Chamava-se Rua Direita do Açúcar até o Edital de 08/06/1889, que cortou a palavra «Direita» em muitas artérias da cidade, a transformar em Rua do Açúcar.

Este topónimo deve-se ter fixado na memória da cidade gerado pela presença de uma fábrica de açúcar existente nesta rua, num dos prédios colocados a seguir à Quinta da Mitra. Em 1763, esta indústria pertencia a um súbdito inglês, Christian Smith que morava na Quinta do Bettencourt, e ainda laborava nos finais do século XVIII.

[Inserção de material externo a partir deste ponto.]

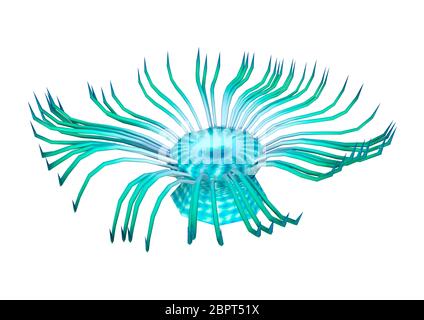 3D-Rendering eines grünen Seeanemone auf weißem Hintergrund Stockfoto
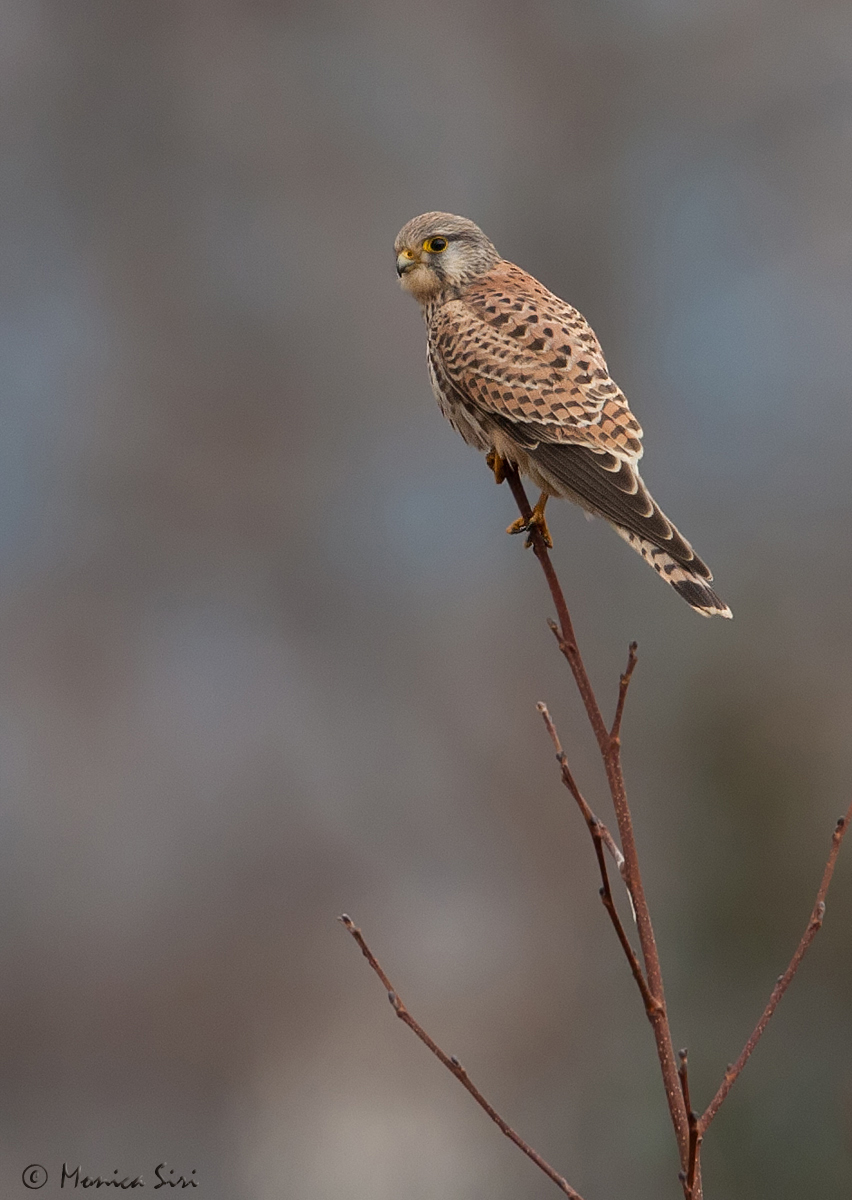 European Kestrel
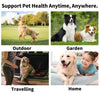 Vier Bilder, die Unterstützung für die Tiergesundheit in Outdoor-, Garten-, Reise- und Heimumgebungen zeigen.
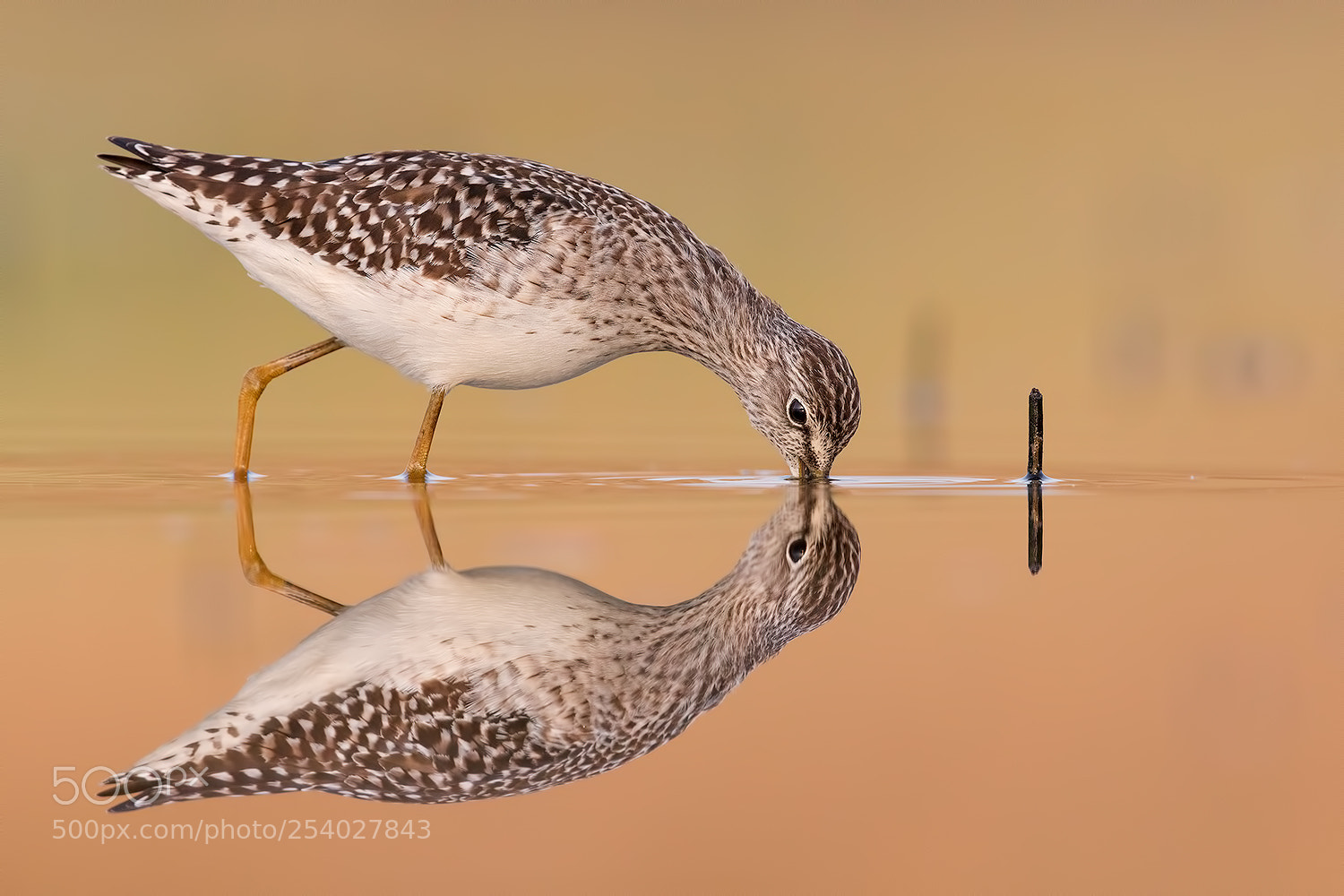 Canon EOS 5D Mark IV sample photo. Perfetc mirror - woodsandpiper photography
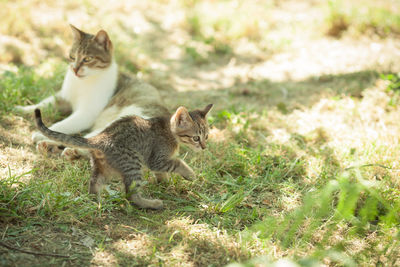 Cat on grassy field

Antes do final do séc. XVIII, estabeleceram-se em Marvila as primeiras indústrias, de sabão, de curtumes, de trefilaria na Quinta dos Alfinetes e esta refinação de açúcar. No dealbar do séc. XX, continuava-se a verificar a instalação de unidades fabris desde a Rua do Açúcar até Braço de Prata e, na Rua do Açúcar encontravam-se a fábrica de cortiça de Narciso Villallonga e a  fábrica da Companhia Nacional de Fósforos.

Nesta Rua do Açúcar está também construído o palácio da Mitra, com classificação municipal, construído em finais do séc. XVII e que foi residência dos prelados de Lisboa. No século seguinte, o  1º Cardeal Patriarca de Lisboa promoveu algumas alterações e, em 1973 parte do Palácio passou a ser a sede do Grupo Amigos de Lisboa.